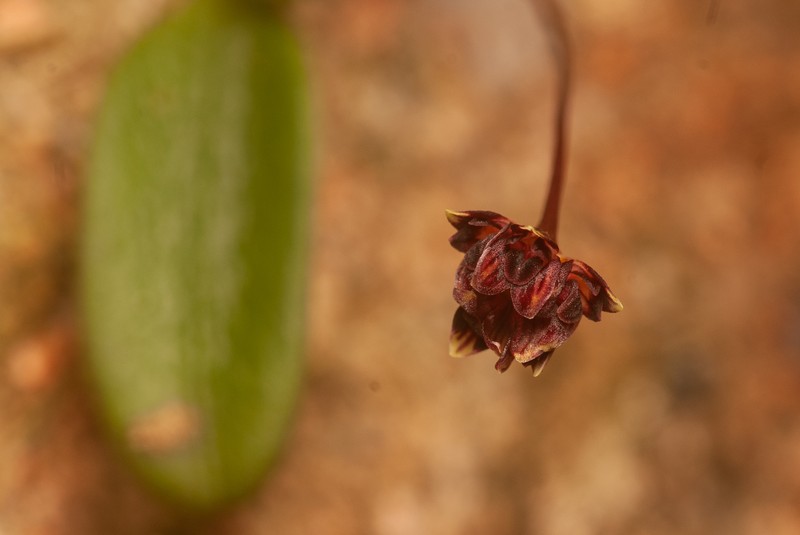 Bulbophyllum evasum photo 2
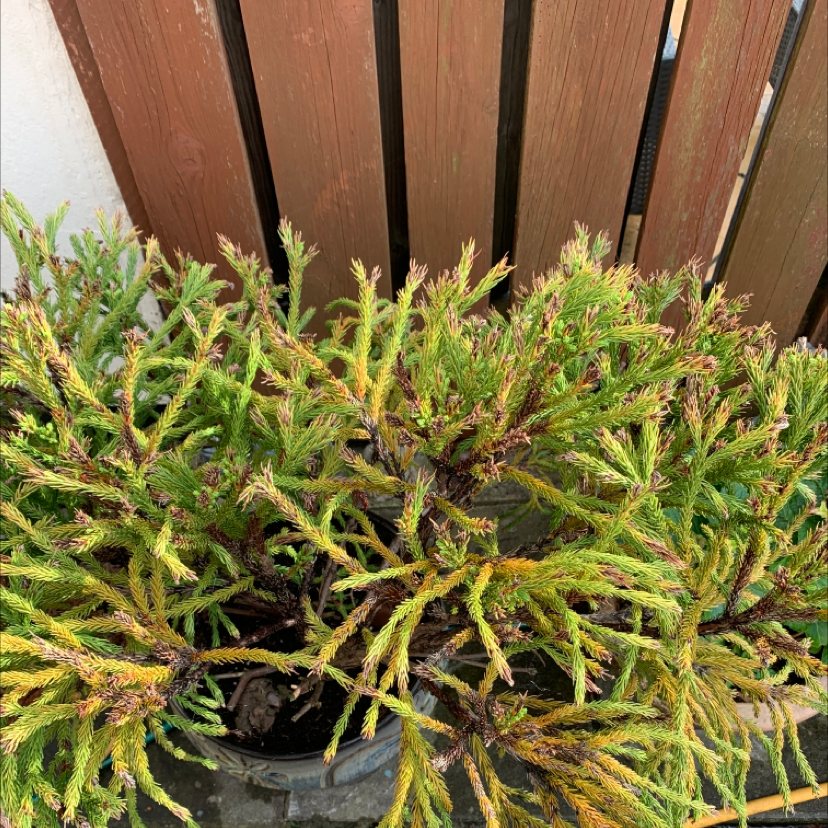Japanese Cedar plant with some yellowing and browning leaves in a pot against a wooden fence.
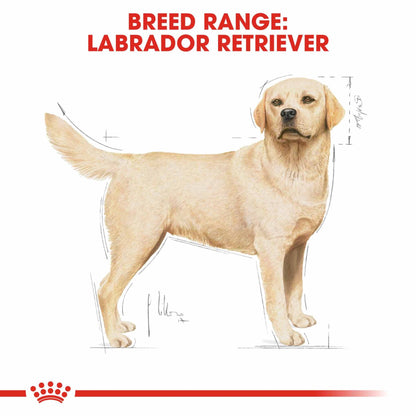 Royal Canin Breed Health Nutrition Labrador Retriever Adult Dry Dog Food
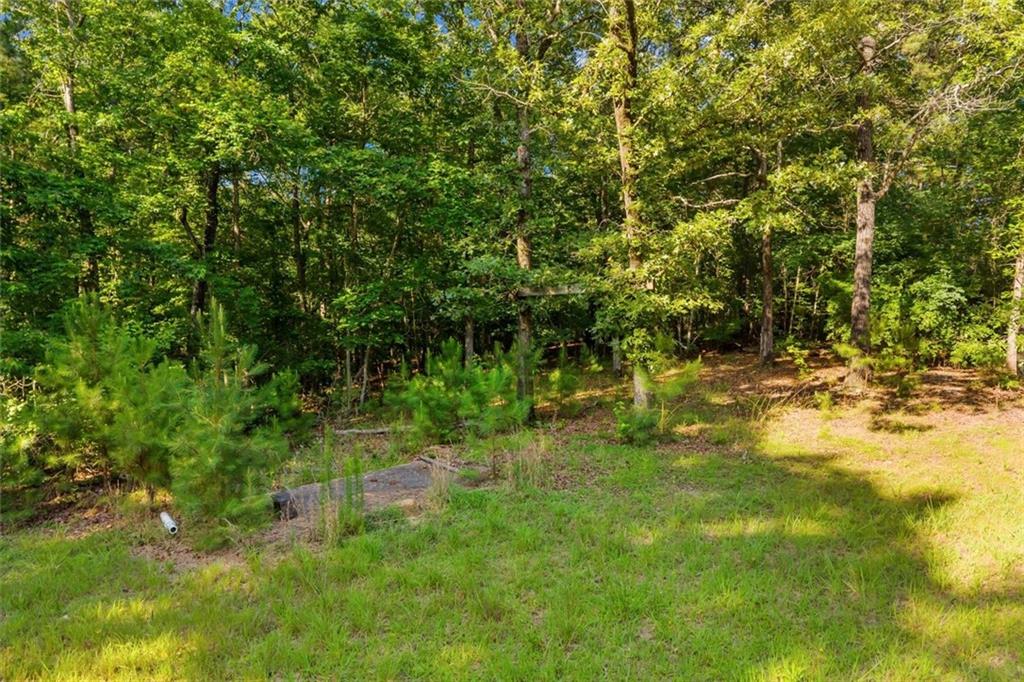 0 Blacks Bluff Road Sw Property Photo 23
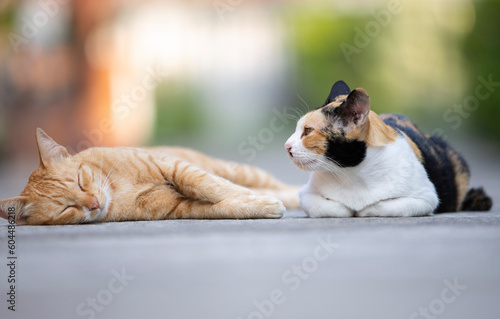 Cute cat and cat sleeping on the floor in the garden.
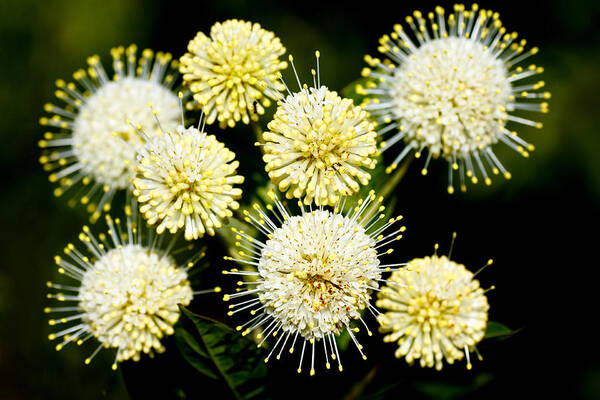 Round Art Print featuring the photograph Buttonbush by Rudy Umans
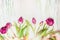 Lovely tulips with bokeh on shabby chic background, top view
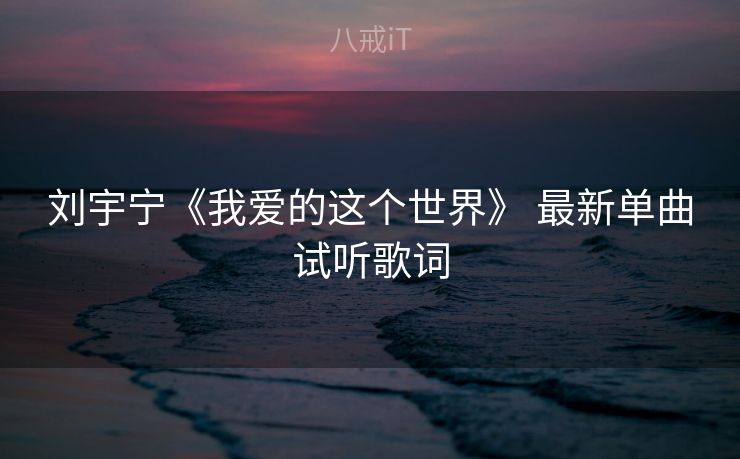 刘宇宁《我爱的这个世界》 最新单曲试听歌词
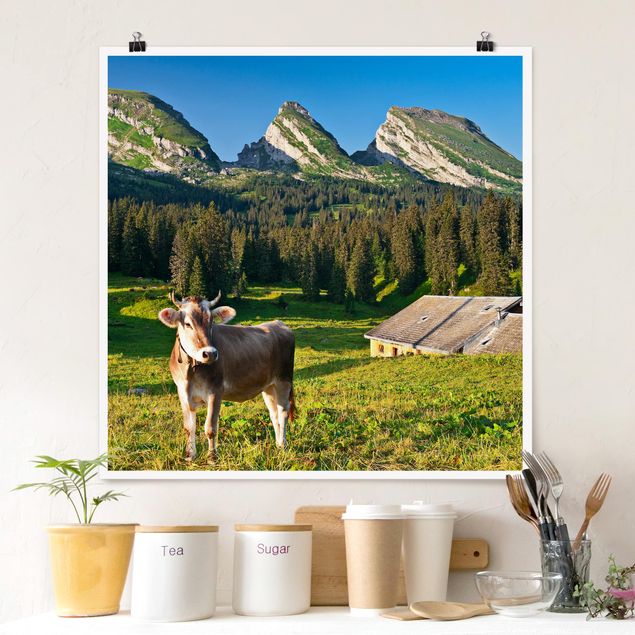 Poster Landschaft Schweizer Almwiese mit Kuh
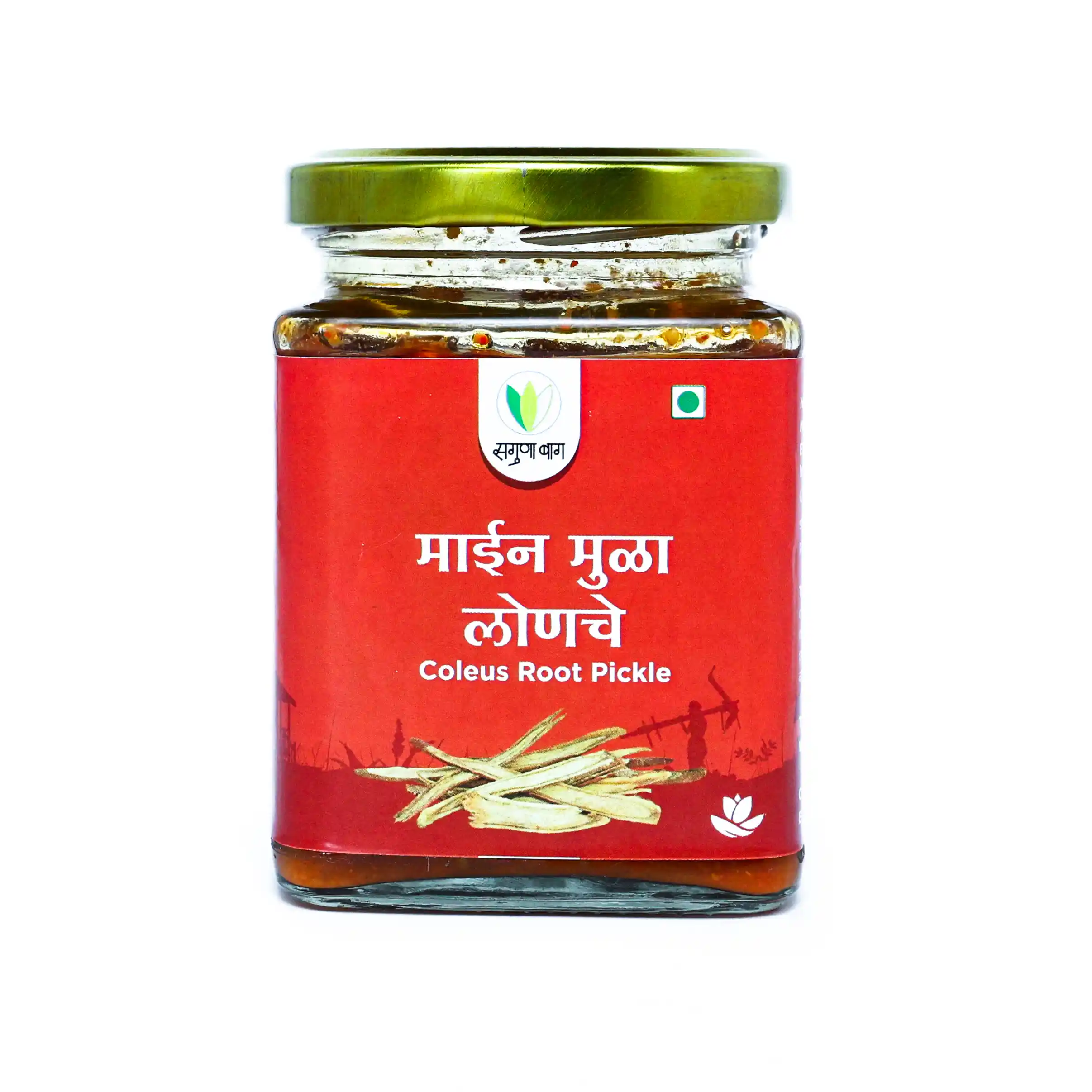 Coleus Roots Pickle (माईनमुळा लोणचे ) - 225 gm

········

TASK OBJECTIVE:
Each entry above must be duplicated precisely; none of the pictures may be included.

RESULT OF THIS EXERCISE:
 Bulbophyllum evasum photo 2
Japanese Cedar plant with some yellowing and browning leaves in a pot against a wooden fence.
 Royal Canin Breed Health Nutrition Labrador Retriever Adult Dry Dog Food
 0 Blacks Bluff Road Sw Property Photo 23
 Cute cat and cat sleeping on the floor in the garden.
 Round Art Print featuring the photograph Buttonbush by Rudy Umans
 Lovely tulips with bokeh on shabby chic background, top view
 刘宇宁《我爱的这个世界》 最新单曲试听歌词
 Poster Landschaft Schweizer Almwiese mit Kuh
 Coleus Roots Pickle (माईनमुळा लोणचे ) - 225 gm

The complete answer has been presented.